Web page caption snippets

■ ■ ■ ■ ■

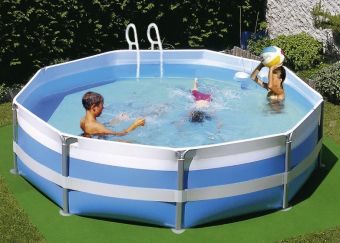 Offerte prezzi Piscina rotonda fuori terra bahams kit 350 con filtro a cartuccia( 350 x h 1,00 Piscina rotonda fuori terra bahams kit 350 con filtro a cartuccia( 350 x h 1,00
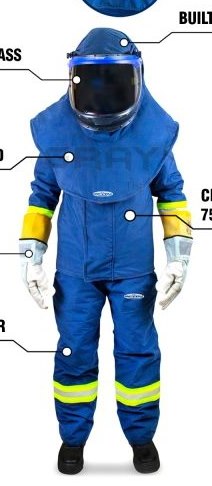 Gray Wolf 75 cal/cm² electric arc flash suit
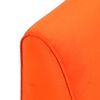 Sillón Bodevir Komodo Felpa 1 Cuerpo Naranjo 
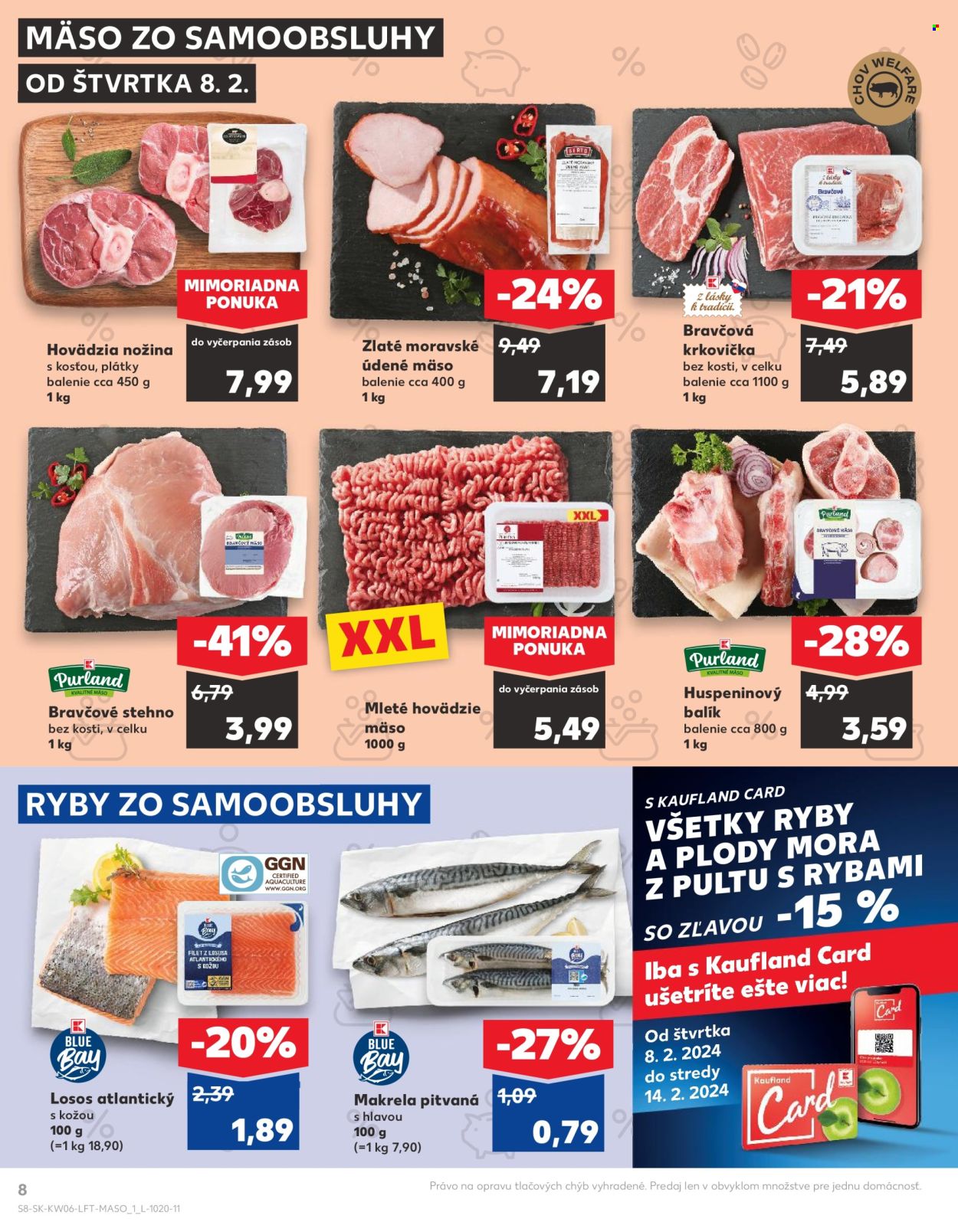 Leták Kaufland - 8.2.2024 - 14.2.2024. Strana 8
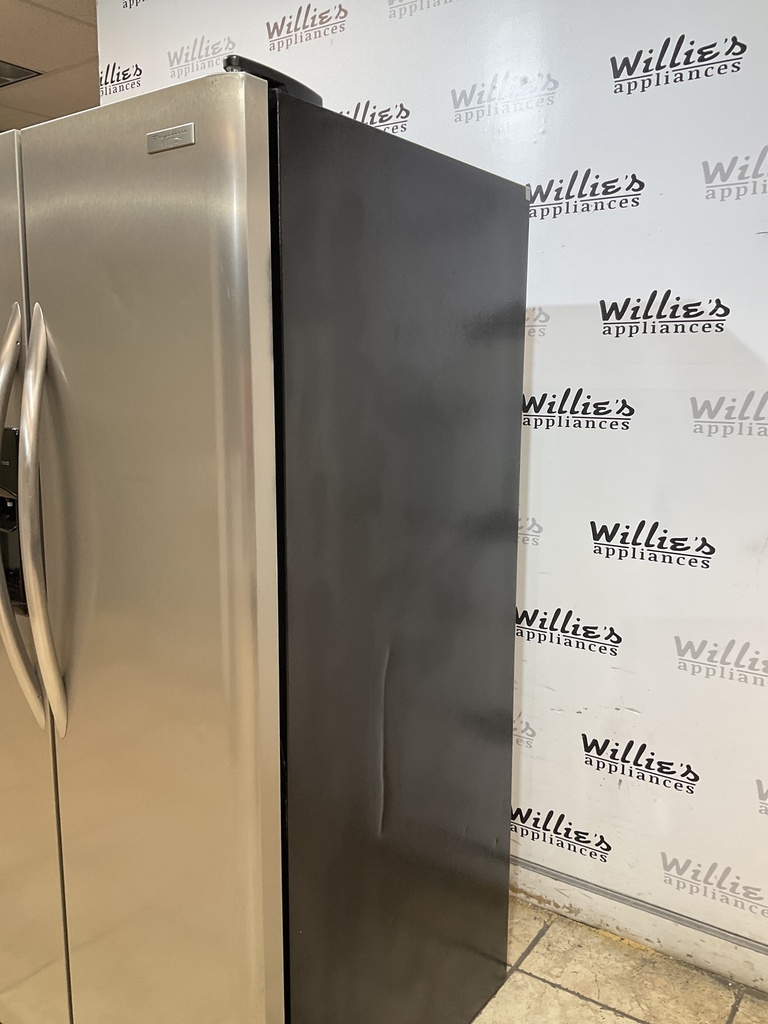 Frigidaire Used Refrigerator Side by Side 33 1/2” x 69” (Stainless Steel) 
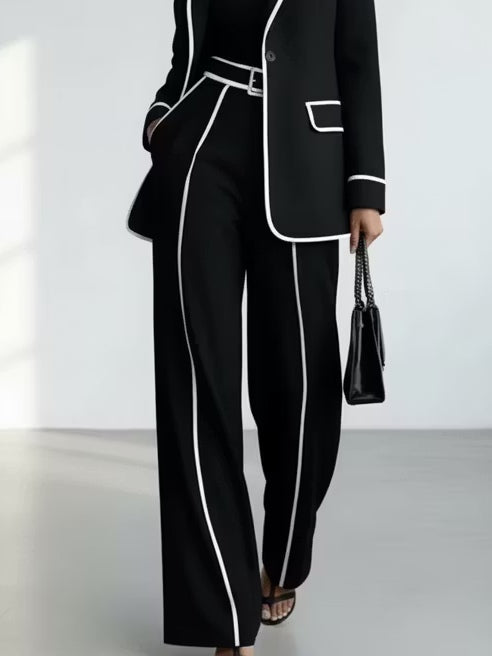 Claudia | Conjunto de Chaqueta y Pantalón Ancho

■ ■ ■ ■ ■

» Try it
Restate the preceding entries in full, word for word, with the pictures removed.

» Solution for this problem
 Offerte prezzi Piscina rotonda fuori terra bahams kit 350 con filtro a cartuccia( 350 x h 1,00 Piscina rotonda fuori terra bahams kit 350 con filtro a cartuccia( 350 x h 1,00
 Gray Wolf 75 cal/cm² electric arc flash suit
 Sillón Bodevir Komodo Felpa 1 Cuerpo Naranjo 
 Leták Kaufland - 8.2.2024 - 14.2.2024. Strana 8
 Frigidaire Used Refrigerator Side by Side 33 1/2” x 69” (Stainless Steel) 
 Claudia | Conjunto de Chaqueta y Pantalón Ancho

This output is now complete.